The government is wasting no time using its majority to tackle the issue of housing, with a plan to overhaul Britain’s complicated and economically harmful planning laws. Leaked details suggest that these reforms will be more than tinkering at the edges. According to one report, Boris Johnson’s government plans to let developers and homeowners build up to two extra floors on buildings without necessarily requiring planning approval. It also plans to loosen rules that limit building on greenbelt areas. If enacted, these policies would enrage housing restrictionists—and the angrier they get, the more likely it is that the government is on the right track.
For decades, Britain hasn’t built enough houses.
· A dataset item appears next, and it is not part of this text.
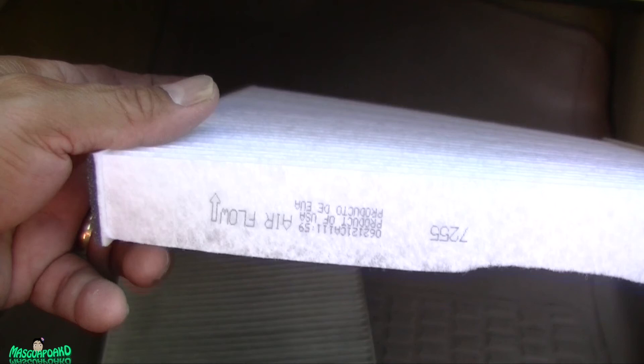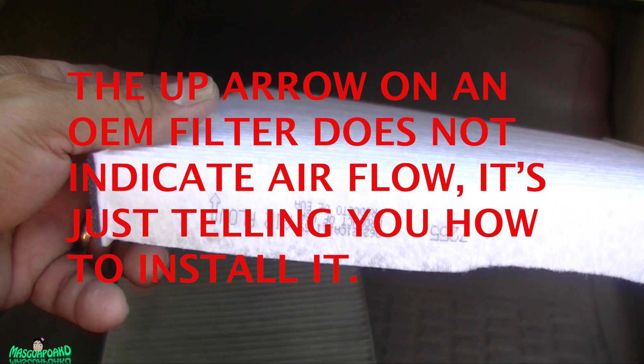Thank you to Jack Tannehill for correcting me. I did some research and for Toyota and Lexus, the arrow should be pointing down because the airflow goes from top to bottom — that's why there's dirt on the top. Sorry about that, and thank you for watching. Hope to see you again. Bye bye.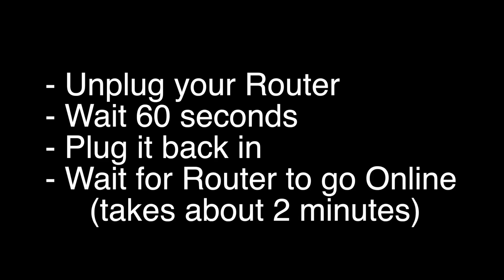If not, let's go on to the next try. Unplug your router, wait 60 seconds, and then plug it back in. Before you check your TV, make sure your router goes back online. It'll go through a bunch of self-tests, and usually about two minutes later it'll be back online. If this solves your problem, great.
In the 1970s, U.K. buyers, on average, could buy a home for less than three times their gross salary; today, they need more than seven times that sum. Since that period, the average inflation-adjusted price of a house has more than quadrupled. No other OECD country has seen such a steep rise.
And Britain fails to build houses where they’re needed most. As Paul Cheshire of the London School of Economics points out, housebuilding trends run contrary to economic logic. Reviewing a 40-year comparison of the shrinking towns of Barnsley and Doncaster with the university cities of Cambridge and Oxford, Cheshire found that the struggling localities—despite their economic disadvantages—built almost twice as many homes as the prosperous ones. Restrictionists often blame rising costs on predatory buy-to-let landlords, the empty houses of the superrich, and loose monetary policy, but in this case, the simplest explanation is the most plausible: housing supply hasn’t kept up with housing demand.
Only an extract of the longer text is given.